Hammered by pandemic, consumer lender Aura shuts down

Hit hard by the pandemic-induced recession, the consumer lender Aura Financial has suspended its operations.

The San Francisco company, which primarily targets low-income Latino consumers, has raised more than $100 million since launching in 2012, but has faced financing challenges over the past year as its customers struggled to keep up with monthly payments.

Aura’s demise was confirmed by two sources familiar with the situation. The company’s website was recently replaced with a notice informing customers that another firm is now servicing their accounts.

Aura officials did not respond to requests for comment, but co-founder James Gutierrez discussed the company's shutdown Monday in a Linkedin post.

"When the pandemic first hit, Aura was on the verge of closing new financing on its final march to profitability. However, suddenly, all capital dried up as the uncertainty of how our low-income, mostly Latino customer base would recover from a pandemic that disproportionately impacted their jobs, health, and finances intimidated investors," he wrote.

James Gutierrez, Aura's co-founder and longtime CEO, had been trying to arrange financing to help keep the company afloat.
James Gutierrez, Aura's co-founder and longtime CEO, had been trying to arrange financing to help keep the company afloat.
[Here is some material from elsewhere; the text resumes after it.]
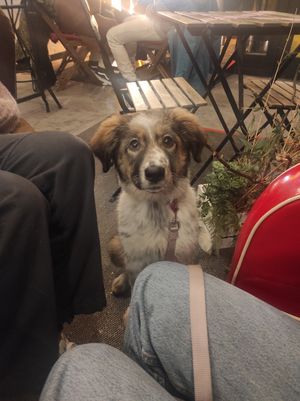 Son pet Friendly 🧡 at Utopía in A Coruna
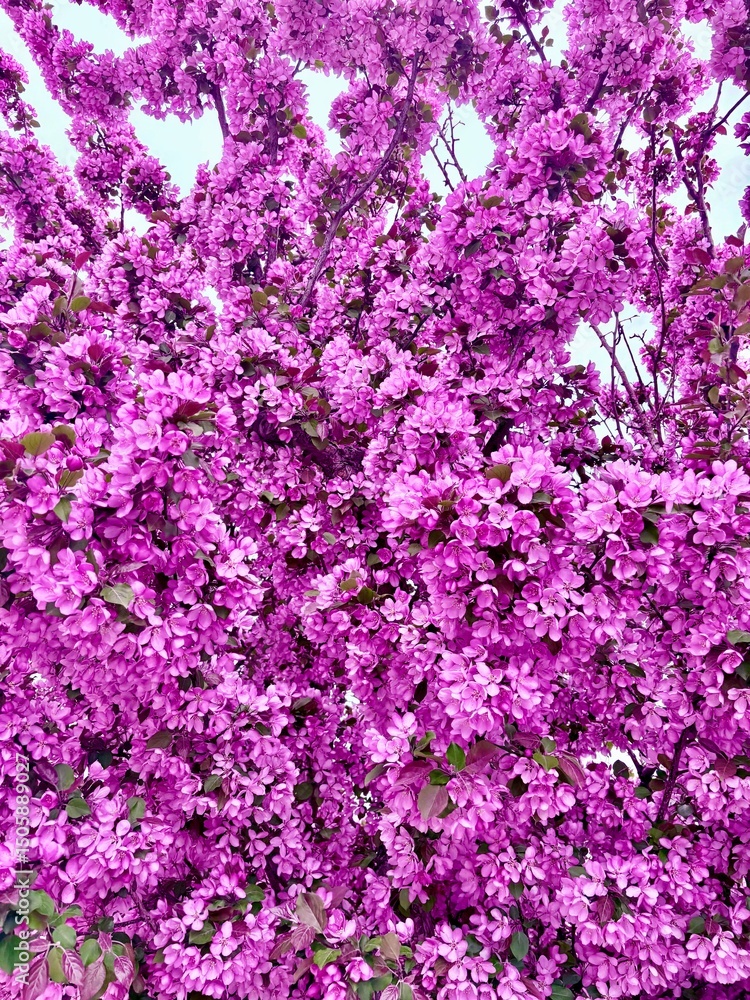 pink flowers background pink flowers background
U.S. consumer lenders have generally fared better during the coronavirus pandemic than many observers anticipated largely because consumers have been able to keep up with payments thanks to government assistance and forbearance policies that have allowed them to skip their payments on certain bills.
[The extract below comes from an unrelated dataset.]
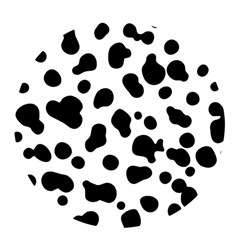 Spots Pop Socket by Sobalvarro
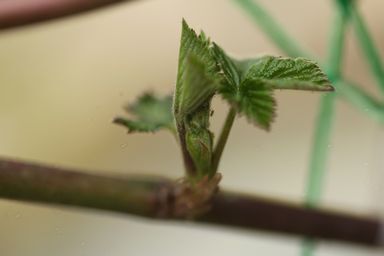 可愛い芽が出て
But blue-collar consumers, including many Hispanic workers who turned to Aura to bridge cash shortfalls, have generally fared worse than members of the professional classes.

“As we know, COVID-19 has created so much hardship in the nation, disproportionately affecting communities of color,” Aura board member Dean Florez said in an August blog post.

At the time, Gutierrez, the company’s longtime CEO, was trying to arrange a financing package to help keep Aura afloat. The pandemic was making it more difficult for Aura, which had raised $50 million in equity funding back in 2017, to access additional financing, according to Florez.

As the virus spread in the U.S., Aura reduced its payments to as low as $5 in an effort to keep borrowers from defaulting on their loans. “We’re really, really focused on just staying their solution, not becoming their problem,” Florez said last summer.

Aura offered loans of $300 to $4,000 through a network of retail partners, including supermarkets, tax preparation services, auto insurance firms and money remittance shops. It was certified as a community development financial institution, a government designation for firms that serve economically disadvantaged communities.

As of 2019, the company’s average borrower reportedly had an annual income of $36,000. The firm, which touted its loans as being more consumer-friendly than payday loans, said that it charged average interest rates between 33% and 34%.

Aura, originally known as Insikt, was the second consumer lender focused on Latino borrowers that Gutierrez founded. He left the first company, currently known as Oportun, in 2012, and subsequently became entangled in multiple legal fights with the firm.

San Carlos, Calif.-based Oportun went public in 2019 and applied for a national bank charter late last year. The company’s net charge-off rate was 10.8% at the end of the third quarter, up from 8.1% a year earlier.

Shares in Oportun, which debuted at $15 per share in September 2019, fell below $6 in April but have since rebounded to above $17.

Gutierrez, who stepped down as Aura’s CEO last year in order to focus on raising funds for the company, said in a recently published interview that he is interested in pursuing another venture that would focus on the same demographic group as his previous two companies.

“I have an innovative idea that would be an entirely digital effort to go after this community with a new set of products,” he said. “Insurance would be a big part of it, auto insurance, life insurance. While some other digital banks exist, there hasn’t been a digital bank created for this population.”

This story has been updated to add comments that Gutierrez made Monday in a LinkedIn post.